Por: Marta María de la Fuente Marín
David tiene una novia.
Cuando hablamos, me la describía como una femme fatale. Una dama rebelde y caprichosa, pero de un veneno embriagador. Temblaba como una hoja cuando me contaba. Cuando me la presentó, descorrió una cortina. Me enseñó un cuadro… y dos… y tres…
Entre flores, cuadros, música y tacones, descubrí quién era la novia de David. Aquella de explosiones de colores, de tormentas mentales, de insomnio inesperado, de obsesiones…
Frank David convierte a la creación en sí misma en el motivo de muchos de sus cuadros. Con su estilo de tórrida paleta y fragmentos provocativos, la retrata desde su dual concepción, como un ente instintivo e intempestivo, pero bello y profundo.
Es así como la calma de un lago de nenúfares de pincelada inacabada se enrarece con un ring de boxeo de disimulado diálogo. Dos o tres cosas que sé de ella atrapa la experiencia de un face to face, cómo los simples encuentros se tornan forcejeos de voluntades y de ellos emana la belleza. A veces demorada, otras imperfecta, hasta ahogada por su propia naturaleza, pero siempre chispea en haces de luz creativa que terminan vehiculizando el conflicto interno de la sensibilidad.
Ese espacio de golpes, de sudores, de fracasos, de victorias, de lucha al fin y al cabo, navega en ese lugar de belleza y se transforma junto a él. Pero su presencia hace más que probar fuerza, pues realmente potencia todo lo que toca, hasta que la expresividad contenida en matices, sutiles acabados y perfecta armonía, explota en grandes manchas contrastantes, trazos desenfadados y jugueteo con el caos.
La creación produce entonces las Interferencias, como bien dice David de su novia. Esa detonación estalla los marcos de referencia y el motivo escapa en una gran masa enredada de flores y espinas, pero luego se acomoda a la caja de resonancia de un piano, porque su inconforme belleza radica en la aparente rotura de todo límite, cuando la verdad es que solo se trasviste en uno nuevo.

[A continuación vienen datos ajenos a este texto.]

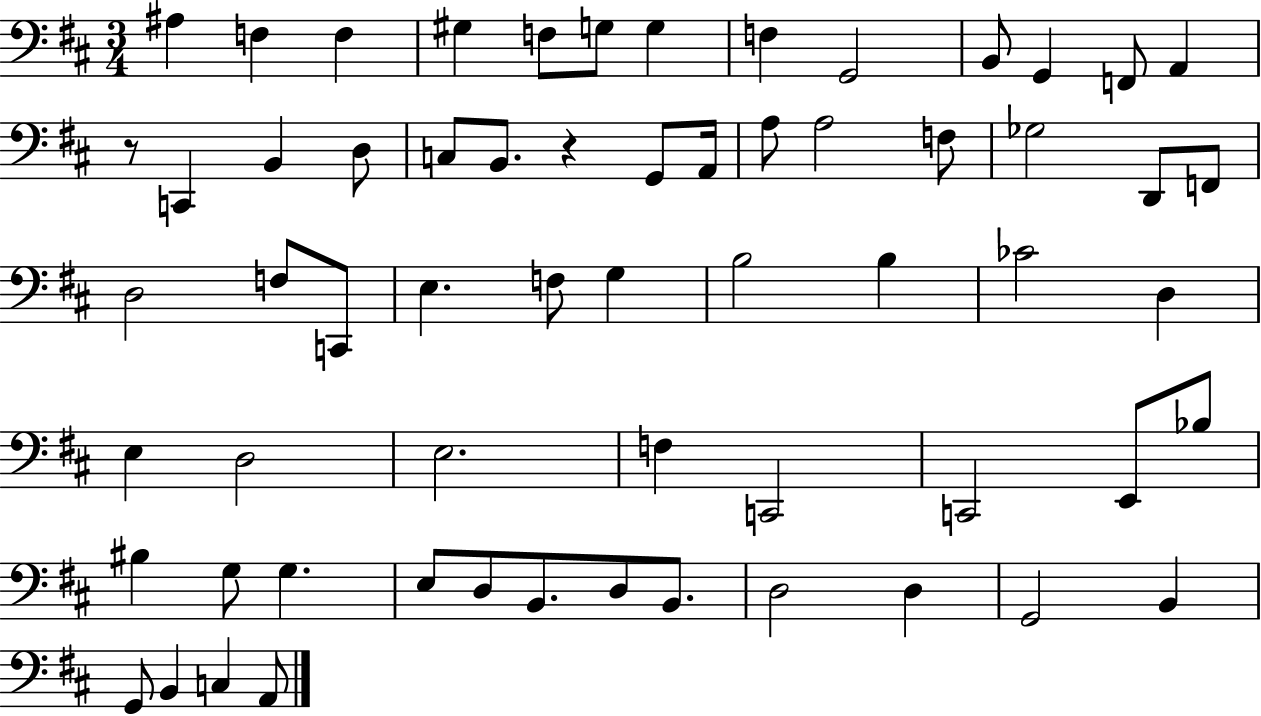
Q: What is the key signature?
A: D major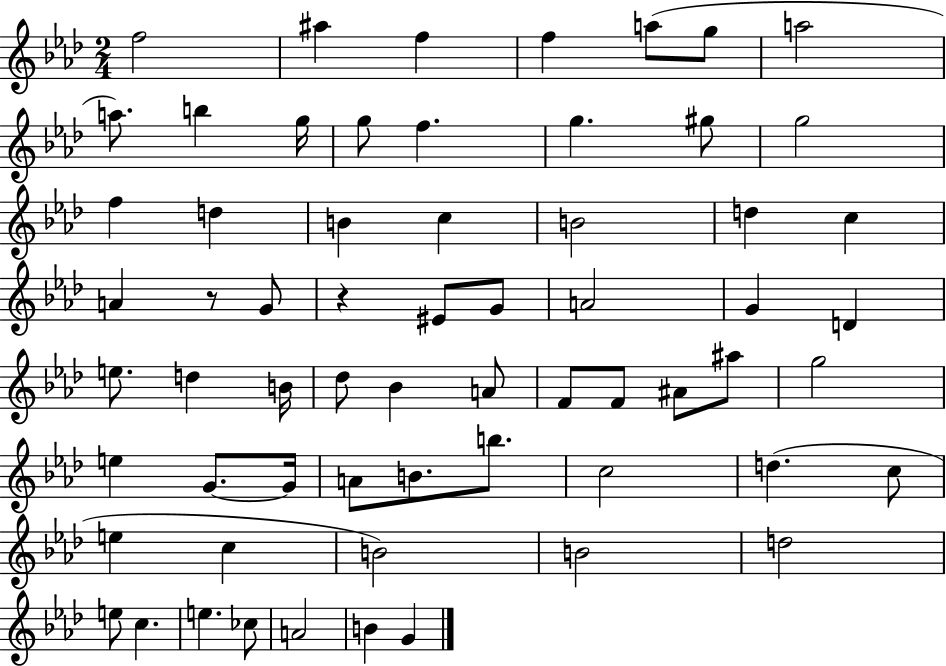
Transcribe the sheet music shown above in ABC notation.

X:1
T:Untitled
M:2/4
L:1/4
K:Ab
f2 ^a f f a/2 g/2 a2 a/2 b g/4 g/2 f g ^g/2 g2 f d B c B2 d c A z/2 G/2 z ^E/2 G/2 A2 G D e/2 d B/4 _d/2 _B A/2 F/2 F/2 ^A/2 ^a/2 g2 e G/2 G/4 A/2 B/2 b/2 c2 d c/2 e c B2 B2 d2 e/2 c e _c/2 A2 B G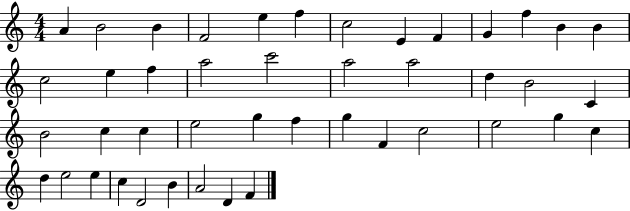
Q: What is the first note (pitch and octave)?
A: A4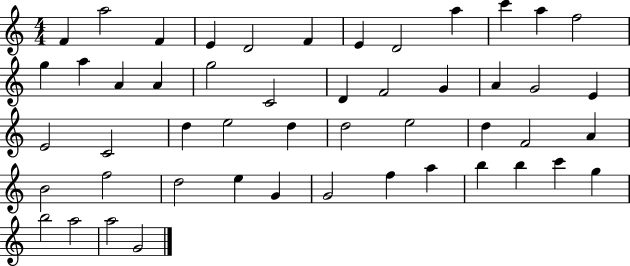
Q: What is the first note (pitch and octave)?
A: F4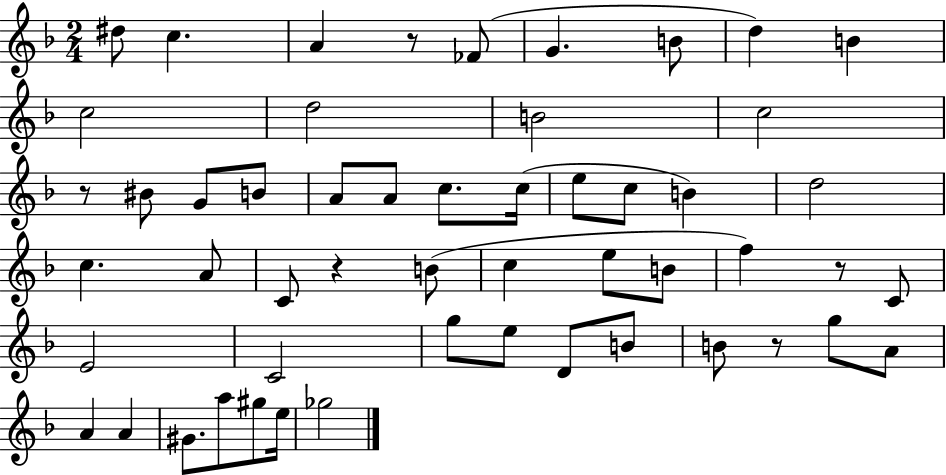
{
  \clef treble
  \numericTimeSignature
  \time 2/4
  \key f \major
  dis''8 c''4. | a'4 r8 fes'8( | g'4. b'8 | d''4) b'4 | \break c''2 | d''2 | b'2 | c''2 | \break r8 bis'8 g'8 b'8 | a'8 a'8 c''8. c''16( | e''8 c''8 b'4) | d''2 | \break c''4. a'8 | c'8 r4 b'8( | c''4 e''8 b'8 | f''4) r8 c'8 | \break e'2 | c'2 | g''8 e''8 d'8 b'8 | b'8 r8 g''8 a'8 | \break a'4 a'4 | gis'8. a''8 gis''8 e''16 | ges''2 | \bar "|."
}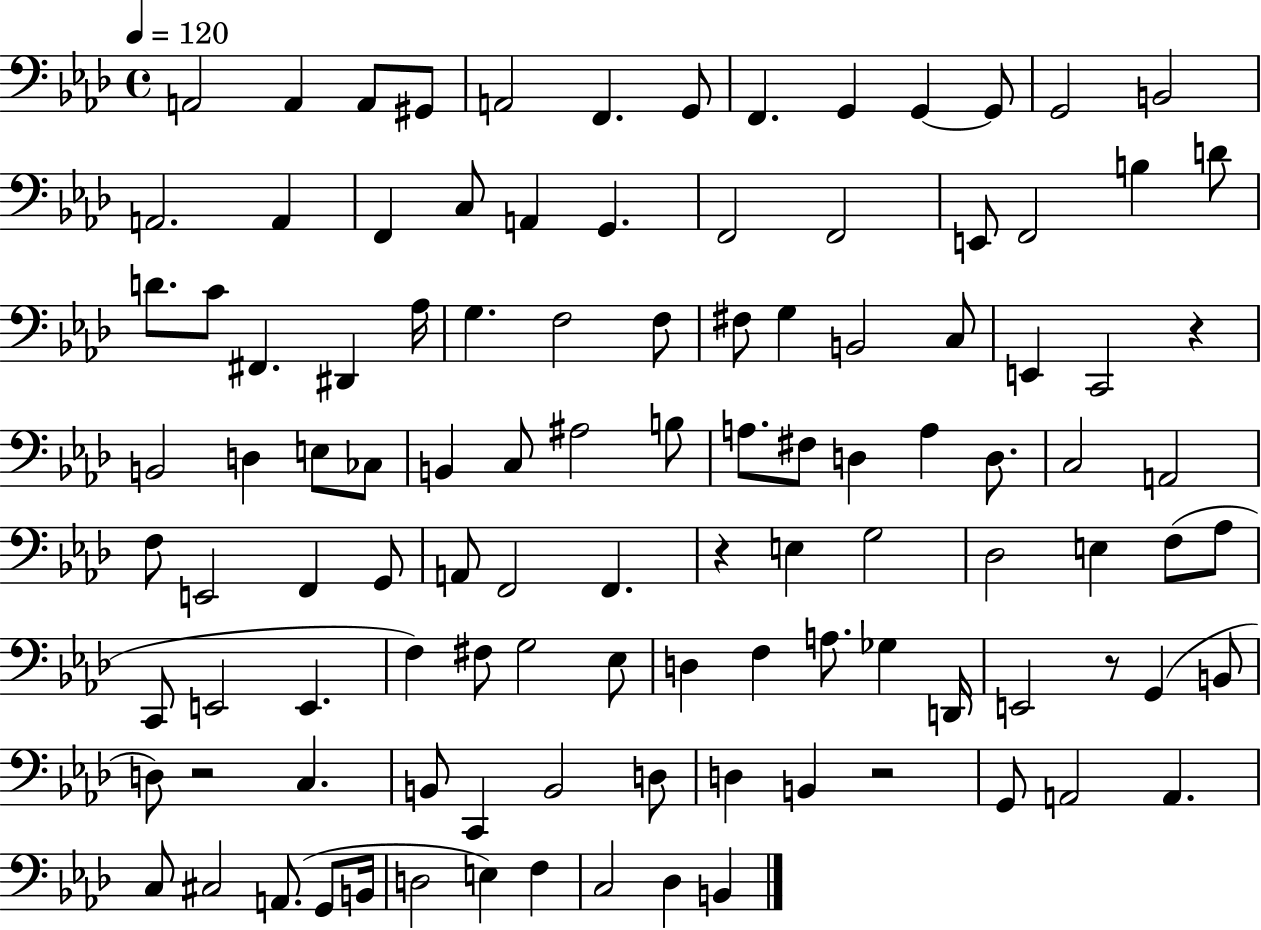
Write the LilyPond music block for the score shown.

{
  \clef bass
  \time 4/4
  \defaultTimeSignature
  \key aes \major
  \tempo 4 = 120
  a,2 a,4 a,8 gis,8 | a,2 f,4. g,8 | f,4. g,4 g,4~~ g,8 | g,2 b,2 | \break a,2. a,4 | f,4 c8 a,4 g,4. | f,2 f,2 | e,8 f,2 b4 d'8 | \break d'8. c'8 fis,4. dis,4 aes16 | g4. f2 f8 | fis8 g4 b,2 c8 | e,4 c,2 r4 | \break b,2 d4 e8 ces8 | b,4 c8 ais2 b8 | a8. fis8 d4 a4 d8. | c2 a,2 | \break f8 e,2 f,4 g,8 | a,8 f,2 f,4. | r4 e4 g2 | des2 e4 f8( aes8 | \break c,8 e,2 e,4. | f4) fis8 g2 ees8 | d4 f4 a8. ges4 d,16 | e,2 r8 g,4( b,8 | \break d8) r2 c4. | b,8 c,4 b,2 d8 | d4 b,4 r2 | g,8 a,2 a,4. | \break c8 cis2 a,8.( g,8 b,16 | d2 e4) f4 | c2 des4 b,4 | \bar "|."
}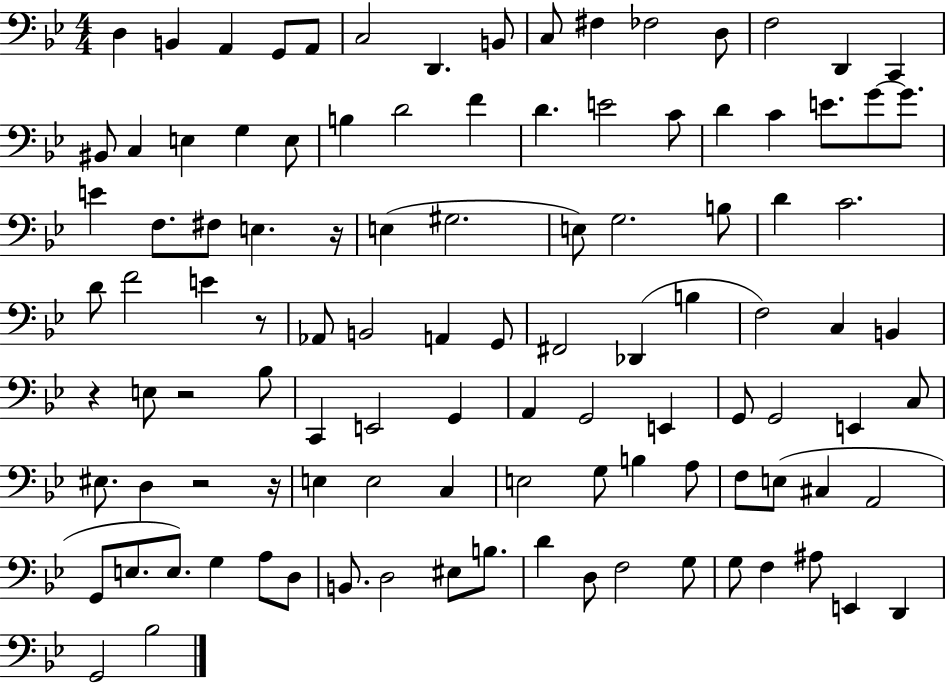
X:1
T:Untitled
M:4/4
L:1/4
K:Bb
D, B,, A,, G,,/2 A,,/2 C,2 D,, B,,/2 C,/2 ^F, _F,2 D,/2 F,2 D,, C,, ^B,,/2 C, E, G, E,/2 B, D2 F D E2 C/2 D C E/2 G/2 G/2 E F,/2 ^F,/2 E, z/4 E, ^G,2 E,/2 G,2 B,/2 D C2 D/2 F2 E z/2 _A,,/2 B,,2 A,, G,,/2 ^F,,2 _D,, B, F,2 C, B,, z E,/2 z2 _B,/2 C,, E,,2 G,, A,, G,,2 E,, G,,/2 G,,2 E,, C,/2 ^E,/2 D, z2 z/4 E, E,2 C, E,2 G,/2 B, A,/2 F,/2 E,/2 ^C, A,,2 G,,/2 E,/2 E,/2 G, A,/2 D,/2 B,,/2 D,2 ^E,/2 B,/2 D D,/2 F,2 G,/2 G,/2 F, ^A,/2 E,, D,, G,,2 _B,2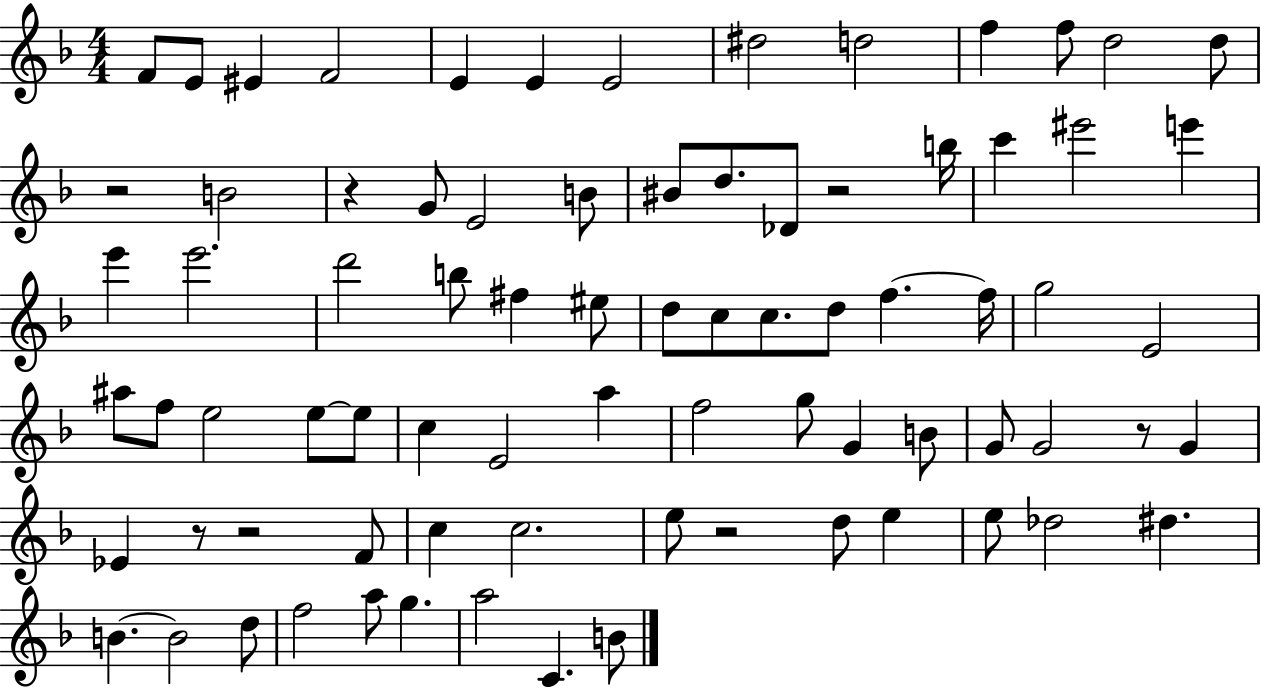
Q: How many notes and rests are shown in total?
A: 79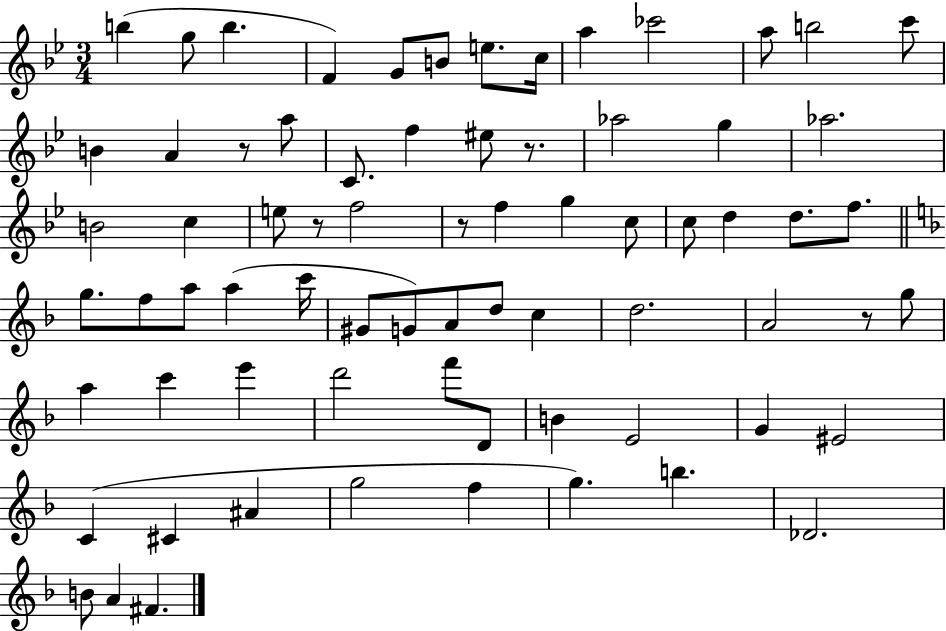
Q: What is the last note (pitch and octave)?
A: F#4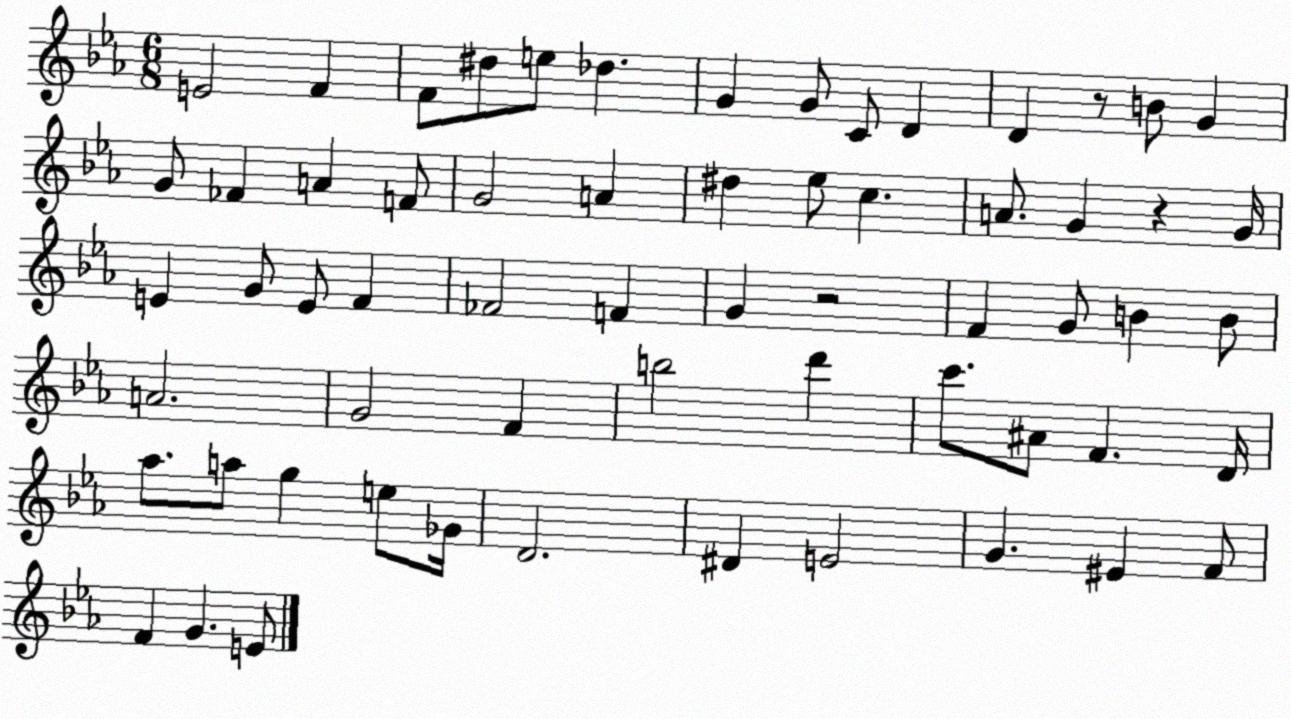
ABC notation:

X:1
T:Untitled
M:6/8
L:1/4
K:Eb
E2 F F/2 ^d/2 e/2 _d G G/2 C/2 D D z/2 B/2 G G/2 _F A F/2 G2 A ^d _e/2 c A/2 G z G/4 E G/2 E/2 F _F2 F G z2 F G/2 B B/2 A2 G2 F b2 d' c'/2 ^A/2 F D/4 _a/2 a/2 g e/2 _G/4 D2 ^D E2 G ^E F/2 F G E/2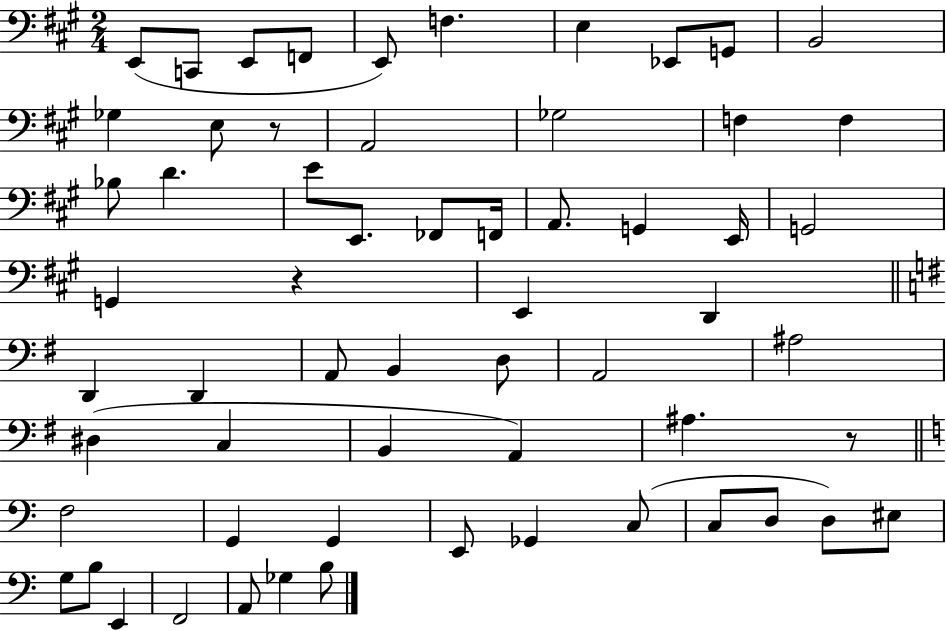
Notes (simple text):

E2/e C2/e E2/e F2/e E2/e F3/q. E3/q Eb2/e G2/e B2/h Gb3/q E3/e R/e A2/h Gb3/h F3/q F3/q Bb3/e D4/q. E4/e E2/e. FES2/e F2/s A2/e. G2/q E2/s G2/h G2/q R/q E2/q D2/q D2/q D2/q A2/e B2/q D3/e A2/h A#3/h D#3/q C3/q B2/q A2/q A#3/q. R/e F3/h G2/q G2/q E2/e Gb2/q C3/e C3/e D3/e D3/e EIS3/e G3/e B3/e E2/q F2/h A2/e Gb3/q B3/e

Precisamente O tú o ninguna es más que un ultimátum de posesión, es la comprensión de una libertad caprichosa. Al tiempo que se expande fuera de su moldura, encuentra otra para explayarse. No cambia de escenario por amplitud o por cuestiones relacionadas al gusto, sino más bien por desafío. Tensiona no ya sus propias demarcaciones, sino también las de aquel que la recibe. Reformula todas sus etiquetas y le induce a entender otro nivel de profundidad, otro donde pueda comprender la posibilidad y el significado de un cuadro proyectado en un lago que anida en un piano.
David se encontraba ¿obsesionado? entre empastes y figuras que lograran atrapar una visión concreta de la creación. Dejaba cuadros a medias, empezaba otros, pintaba dos a la vez. En mitad de su discurso tan apasionado como aleatorio, pasó de largo por un cuadro, relativamente pequeño, pero poderosamente cargado. «¿Y este?» -le pregunté.
Unas musas visitaron la Tierra parecía no ser diferente de lo ya visto. Colores pop, mezcla de manchas, fragmentos sobre una excusa de paisaje y un título sugerente, pero, para lo que vivía David, era perfecto. Resumía todo su discurso en un par de motivos y en cierta forma, (des) dibujaba a la creación tanto como quería.
Contada como epifanía, mostraba a su novia -ahora llamada musa- como un torbellino que formaba piernas, tacones, pero deformaba rostros y escondía la identidad en una mixtura borroneada. Un amasijo de sentidos que se adaptaba a un perfil determinado y al mismo tiempo se escapaba de toda moldura. Lo único cierto era su dualidad, ese «sí, pero no» que le da tránsito a las inquietudes espirituales del artista, pero que también es receptáculo de toda interpretación.
Un muro de lamentos, una diana dardeada, unas palabras dichas al viento, una razón, una persona, una novia… eso es la creación… el todo y la nada.
David lloraba entre sus manchados dedos.
Todo había sido una declaración de amor.